The output should be all lines of the entries below in which the word "Mesh" occurs.

[Opening Source information section]

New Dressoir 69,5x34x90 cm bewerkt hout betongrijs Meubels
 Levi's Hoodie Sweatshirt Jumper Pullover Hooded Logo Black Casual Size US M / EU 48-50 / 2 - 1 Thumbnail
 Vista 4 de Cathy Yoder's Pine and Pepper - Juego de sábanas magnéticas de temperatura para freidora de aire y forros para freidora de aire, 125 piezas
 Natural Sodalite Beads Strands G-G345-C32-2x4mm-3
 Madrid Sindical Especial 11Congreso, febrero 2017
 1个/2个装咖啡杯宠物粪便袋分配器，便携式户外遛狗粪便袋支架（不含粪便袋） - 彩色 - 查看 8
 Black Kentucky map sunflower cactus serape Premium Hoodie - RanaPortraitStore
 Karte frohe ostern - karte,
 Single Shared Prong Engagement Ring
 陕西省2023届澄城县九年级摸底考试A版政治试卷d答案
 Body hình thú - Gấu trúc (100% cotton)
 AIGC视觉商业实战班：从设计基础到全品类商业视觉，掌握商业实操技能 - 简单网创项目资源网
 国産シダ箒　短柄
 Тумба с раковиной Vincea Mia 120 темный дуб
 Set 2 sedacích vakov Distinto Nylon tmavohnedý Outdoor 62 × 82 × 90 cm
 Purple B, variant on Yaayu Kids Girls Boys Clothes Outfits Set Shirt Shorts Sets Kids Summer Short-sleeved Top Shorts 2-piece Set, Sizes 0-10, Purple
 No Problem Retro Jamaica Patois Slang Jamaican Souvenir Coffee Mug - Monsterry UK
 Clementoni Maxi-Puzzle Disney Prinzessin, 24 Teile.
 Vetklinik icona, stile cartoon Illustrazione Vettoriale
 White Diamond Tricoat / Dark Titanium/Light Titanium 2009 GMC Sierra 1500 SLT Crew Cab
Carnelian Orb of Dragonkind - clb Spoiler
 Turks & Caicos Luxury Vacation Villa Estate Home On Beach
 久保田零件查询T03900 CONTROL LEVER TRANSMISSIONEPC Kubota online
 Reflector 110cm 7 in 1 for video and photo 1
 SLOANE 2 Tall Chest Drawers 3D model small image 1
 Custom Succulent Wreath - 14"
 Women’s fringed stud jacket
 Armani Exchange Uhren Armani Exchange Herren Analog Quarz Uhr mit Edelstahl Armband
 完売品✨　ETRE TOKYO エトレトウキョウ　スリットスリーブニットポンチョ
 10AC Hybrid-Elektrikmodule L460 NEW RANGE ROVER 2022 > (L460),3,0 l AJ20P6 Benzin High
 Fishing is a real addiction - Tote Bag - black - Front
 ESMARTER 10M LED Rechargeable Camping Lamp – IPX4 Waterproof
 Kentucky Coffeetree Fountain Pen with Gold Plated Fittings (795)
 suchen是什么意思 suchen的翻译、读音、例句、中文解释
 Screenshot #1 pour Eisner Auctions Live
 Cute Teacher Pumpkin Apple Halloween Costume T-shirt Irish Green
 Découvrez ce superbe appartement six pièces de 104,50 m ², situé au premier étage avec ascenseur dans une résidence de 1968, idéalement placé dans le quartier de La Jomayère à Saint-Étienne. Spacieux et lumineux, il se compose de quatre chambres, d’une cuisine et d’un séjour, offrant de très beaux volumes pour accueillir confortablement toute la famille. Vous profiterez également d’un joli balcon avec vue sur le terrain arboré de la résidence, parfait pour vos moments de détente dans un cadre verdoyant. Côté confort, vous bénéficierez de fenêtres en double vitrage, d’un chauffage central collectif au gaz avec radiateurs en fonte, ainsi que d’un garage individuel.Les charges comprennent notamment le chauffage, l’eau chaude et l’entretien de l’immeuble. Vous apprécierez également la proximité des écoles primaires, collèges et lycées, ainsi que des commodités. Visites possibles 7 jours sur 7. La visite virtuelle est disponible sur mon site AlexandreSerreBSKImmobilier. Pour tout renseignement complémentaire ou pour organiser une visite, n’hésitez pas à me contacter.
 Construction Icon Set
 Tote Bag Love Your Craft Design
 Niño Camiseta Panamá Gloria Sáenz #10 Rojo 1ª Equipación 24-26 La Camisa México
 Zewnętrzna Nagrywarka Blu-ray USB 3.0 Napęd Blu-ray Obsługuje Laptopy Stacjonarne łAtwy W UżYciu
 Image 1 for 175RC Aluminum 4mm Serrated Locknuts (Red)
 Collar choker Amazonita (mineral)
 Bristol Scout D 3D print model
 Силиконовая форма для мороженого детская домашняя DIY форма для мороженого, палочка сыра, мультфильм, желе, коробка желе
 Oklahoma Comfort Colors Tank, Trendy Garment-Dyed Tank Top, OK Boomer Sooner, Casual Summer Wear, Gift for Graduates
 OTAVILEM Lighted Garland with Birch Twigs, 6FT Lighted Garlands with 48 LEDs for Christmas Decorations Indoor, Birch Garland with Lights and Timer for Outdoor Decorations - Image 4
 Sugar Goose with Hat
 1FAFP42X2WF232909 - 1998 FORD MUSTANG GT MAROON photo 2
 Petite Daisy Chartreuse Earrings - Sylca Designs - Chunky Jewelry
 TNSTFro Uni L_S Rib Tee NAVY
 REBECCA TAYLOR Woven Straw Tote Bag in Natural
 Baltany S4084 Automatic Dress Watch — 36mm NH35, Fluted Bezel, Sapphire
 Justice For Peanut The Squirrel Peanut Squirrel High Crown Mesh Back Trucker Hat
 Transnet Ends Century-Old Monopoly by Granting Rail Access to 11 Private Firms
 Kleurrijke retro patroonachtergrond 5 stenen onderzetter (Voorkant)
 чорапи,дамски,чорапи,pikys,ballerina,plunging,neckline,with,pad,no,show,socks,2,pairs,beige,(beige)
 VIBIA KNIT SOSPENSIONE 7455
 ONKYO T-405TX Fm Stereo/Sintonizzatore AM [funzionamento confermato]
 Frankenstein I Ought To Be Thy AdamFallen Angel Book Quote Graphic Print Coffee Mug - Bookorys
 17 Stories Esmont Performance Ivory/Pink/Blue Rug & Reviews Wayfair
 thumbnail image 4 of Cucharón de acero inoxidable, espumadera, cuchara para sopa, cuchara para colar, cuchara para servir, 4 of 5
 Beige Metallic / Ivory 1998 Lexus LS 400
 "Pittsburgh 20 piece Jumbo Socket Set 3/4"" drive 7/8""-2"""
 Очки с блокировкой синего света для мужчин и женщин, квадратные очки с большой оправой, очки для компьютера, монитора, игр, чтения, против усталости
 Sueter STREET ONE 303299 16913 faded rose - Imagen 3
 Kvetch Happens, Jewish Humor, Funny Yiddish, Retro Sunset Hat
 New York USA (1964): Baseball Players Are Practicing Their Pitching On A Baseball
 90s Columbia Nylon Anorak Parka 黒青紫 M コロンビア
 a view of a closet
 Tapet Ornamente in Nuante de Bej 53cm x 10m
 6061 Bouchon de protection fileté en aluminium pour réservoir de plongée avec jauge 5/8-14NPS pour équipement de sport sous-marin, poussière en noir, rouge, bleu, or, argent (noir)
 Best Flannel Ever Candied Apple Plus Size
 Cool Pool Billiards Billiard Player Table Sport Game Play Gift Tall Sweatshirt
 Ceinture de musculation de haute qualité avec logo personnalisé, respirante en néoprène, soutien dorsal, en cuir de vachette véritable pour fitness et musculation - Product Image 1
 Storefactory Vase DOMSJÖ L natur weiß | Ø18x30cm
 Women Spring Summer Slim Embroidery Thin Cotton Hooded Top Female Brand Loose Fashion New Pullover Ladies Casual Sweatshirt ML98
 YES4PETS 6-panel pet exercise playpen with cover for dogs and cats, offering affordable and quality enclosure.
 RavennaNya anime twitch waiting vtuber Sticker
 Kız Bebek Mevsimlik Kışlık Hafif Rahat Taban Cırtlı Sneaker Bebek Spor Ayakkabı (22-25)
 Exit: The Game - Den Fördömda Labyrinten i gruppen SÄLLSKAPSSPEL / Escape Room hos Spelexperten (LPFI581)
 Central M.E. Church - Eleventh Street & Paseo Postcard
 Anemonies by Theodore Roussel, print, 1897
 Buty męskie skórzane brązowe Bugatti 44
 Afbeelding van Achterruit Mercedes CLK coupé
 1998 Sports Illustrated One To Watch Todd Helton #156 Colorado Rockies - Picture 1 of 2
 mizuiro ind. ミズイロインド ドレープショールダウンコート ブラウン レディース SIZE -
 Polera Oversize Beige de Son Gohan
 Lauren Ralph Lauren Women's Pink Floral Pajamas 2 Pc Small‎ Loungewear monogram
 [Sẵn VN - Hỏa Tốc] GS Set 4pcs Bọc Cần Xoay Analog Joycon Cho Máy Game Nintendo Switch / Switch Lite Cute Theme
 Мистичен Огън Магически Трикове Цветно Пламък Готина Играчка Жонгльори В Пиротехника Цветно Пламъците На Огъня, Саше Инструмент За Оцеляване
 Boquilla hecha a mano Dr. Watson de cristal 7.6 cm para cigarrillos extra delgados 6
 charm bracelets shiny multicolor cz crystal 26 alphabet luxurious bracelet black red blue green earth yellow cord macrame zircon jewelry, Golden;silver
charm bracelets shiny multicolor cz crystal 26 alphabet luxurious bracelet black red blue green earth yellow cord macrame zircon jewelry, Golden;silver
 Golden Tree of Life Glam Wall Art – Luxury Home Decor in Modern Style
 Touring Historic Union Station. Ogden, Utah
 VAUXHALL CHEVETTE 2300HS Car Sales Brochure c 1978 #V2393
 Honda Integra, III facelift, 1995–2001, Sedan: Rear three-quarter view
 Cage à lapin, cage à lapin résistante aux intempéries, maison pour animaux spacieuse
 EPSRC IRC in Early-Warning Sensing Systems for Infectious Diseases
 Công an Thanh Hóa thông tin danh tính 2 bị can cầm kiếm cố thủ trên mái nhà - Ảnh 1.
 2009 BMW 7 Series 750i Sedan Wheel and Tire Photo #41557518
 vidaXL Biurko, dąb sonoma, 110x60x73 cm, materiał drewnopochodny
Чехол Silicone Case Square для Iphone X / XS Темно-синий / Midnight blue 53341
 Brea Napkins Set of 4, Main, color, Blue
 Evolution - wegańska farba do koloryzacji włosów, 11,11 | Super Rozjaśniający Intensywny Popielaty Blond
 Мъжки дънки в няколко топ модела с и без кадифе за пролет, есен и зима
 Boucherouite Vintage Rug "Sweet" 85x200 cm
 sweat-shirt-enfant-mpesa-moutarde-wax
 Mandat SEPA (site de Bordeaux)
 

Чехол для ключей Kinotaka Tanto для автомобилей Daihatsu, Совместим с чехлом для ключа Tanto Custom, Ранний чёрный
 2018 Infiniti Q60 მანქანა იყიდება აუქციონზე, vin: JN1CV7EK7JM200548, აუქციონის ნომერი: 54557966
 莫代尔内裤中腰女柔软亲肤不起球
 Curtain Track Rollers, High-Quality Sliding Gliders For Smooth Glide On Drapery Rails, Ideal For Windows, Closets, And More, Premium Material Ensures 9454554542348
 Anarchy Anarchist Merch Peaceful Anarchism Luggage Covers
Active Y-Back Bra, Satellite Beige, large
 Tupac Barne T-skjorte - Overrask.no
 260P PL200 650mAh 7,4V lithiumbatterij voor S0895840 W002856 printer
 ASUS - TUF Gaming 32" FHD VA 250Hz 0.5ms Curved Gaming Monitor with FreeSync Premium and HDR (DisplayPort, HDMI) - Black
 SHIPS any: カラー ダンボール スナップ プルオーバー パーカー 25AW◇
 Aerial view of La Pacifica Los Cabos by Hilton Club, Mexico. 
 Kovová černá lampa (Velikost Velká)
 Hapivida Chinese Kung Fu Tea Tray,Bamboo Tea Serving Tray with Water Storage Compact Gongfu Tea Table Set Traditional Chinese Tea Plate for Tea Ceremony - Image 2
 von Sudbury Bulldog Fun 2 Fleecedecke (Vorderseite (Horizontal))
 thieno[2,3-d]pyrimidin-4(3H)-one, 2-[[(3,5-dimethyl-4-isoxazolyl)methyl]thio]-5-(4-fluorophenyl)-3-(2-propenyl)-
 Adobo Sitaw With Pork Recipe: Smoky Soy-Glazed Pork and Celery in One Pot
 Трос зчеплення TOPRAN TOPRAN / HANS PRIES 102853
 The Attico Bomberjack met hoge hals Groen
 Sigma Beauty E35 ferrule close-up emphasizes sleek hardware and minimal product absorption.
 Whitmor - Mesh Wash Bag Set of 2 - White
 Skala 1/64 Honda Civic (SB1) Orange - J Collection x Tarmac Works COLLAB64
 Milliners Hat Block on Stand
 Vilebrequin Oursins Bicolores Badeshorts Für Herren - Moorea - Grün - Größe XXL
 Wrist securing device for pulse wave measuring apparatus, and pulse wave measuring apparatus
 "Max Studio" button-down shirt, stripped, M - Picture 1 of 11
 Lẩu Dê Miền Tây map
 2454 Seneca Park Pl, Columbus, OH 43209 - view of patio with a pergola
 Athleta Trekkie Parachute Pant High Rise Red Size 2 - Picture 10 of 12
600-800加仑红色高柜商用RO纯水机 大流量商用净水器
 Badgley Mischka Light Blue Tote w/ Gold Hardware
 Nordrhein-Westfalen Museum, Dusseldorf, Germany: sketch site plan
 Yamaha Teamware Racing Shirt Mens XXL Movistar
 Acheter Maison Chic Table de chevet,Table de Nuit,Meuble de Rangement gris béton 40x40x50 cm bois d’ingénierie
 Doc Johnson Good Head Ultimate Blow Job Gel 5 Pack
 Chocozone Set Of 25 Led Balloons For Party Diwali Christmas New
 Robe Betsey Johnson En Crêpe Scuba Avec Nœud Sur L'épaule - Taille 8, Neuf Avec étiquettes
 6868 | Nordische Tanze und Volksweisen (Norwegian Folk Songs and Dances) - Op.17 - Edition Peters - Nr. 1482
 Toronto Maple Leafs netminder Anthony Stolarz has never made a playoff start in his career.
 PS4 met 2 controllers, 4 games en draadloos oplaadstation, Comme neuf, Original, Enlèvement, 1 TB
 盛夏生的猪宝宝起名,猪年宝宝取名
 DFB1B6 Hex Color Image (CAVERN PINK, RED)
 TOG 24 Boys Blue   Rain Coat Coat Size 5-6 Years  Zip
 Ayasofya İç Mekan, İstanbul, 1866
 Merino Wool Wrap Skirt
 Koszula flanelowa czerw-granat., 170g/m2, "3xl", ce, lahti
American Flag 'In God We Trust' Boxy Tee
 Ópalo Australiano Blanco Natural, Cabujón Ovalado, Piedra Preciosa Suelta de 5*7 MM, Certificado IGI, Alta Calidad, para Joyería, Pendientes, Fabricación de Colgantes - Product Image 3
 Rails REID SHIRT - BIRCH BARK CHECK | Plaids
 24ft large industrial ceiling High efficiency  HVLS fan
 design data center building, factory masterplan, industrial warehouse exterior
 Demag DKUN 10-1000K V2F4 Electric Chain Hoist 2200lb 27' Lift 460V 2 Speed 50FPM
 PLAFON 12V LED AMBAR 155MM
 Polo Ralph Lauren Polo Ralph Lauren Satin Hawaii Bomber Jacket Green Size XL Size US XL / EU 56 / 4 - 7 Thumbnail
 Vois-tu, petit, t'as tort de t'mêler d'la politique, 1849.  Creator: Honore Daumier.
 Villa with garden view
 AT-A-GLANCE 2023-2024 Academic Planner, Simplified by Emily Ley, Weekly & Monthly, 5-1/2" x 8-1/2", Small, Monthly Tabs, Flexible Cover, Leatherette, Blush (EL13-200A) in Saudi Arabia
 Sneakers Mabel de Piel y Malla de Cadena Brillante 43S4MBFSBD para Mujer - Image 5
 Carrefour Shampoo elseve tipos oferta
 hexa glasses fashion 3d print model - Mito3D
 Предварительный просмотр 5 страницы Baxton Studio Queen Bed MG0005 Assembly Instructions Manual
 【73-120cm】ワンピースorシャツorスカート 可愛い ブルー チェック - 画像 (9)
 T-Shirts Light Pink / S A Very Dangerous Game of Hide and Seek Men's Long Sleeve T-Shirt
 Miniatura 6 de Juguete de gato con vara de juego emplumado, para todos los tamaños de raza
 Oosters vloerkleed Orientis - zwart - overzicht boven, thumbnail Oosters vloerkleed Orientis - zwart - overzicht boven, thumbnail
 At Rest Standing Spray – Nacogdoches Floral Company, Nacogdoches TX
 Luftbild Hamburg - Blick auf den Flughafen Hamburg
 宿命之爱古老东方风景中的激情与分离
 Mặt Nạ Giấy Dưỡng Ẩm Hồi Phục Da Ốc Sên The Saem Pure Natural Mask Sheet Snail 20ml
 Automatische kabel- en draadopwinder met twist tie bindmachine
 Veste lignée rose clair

[Closing Source information section]

§ **Expected answer**:
 Justice For Peanut The Squirrel Peanut Squirrel High Crown Mesh Back Trucker Hat
 Whitmor - Mesh Wash Bag Set of 2 - White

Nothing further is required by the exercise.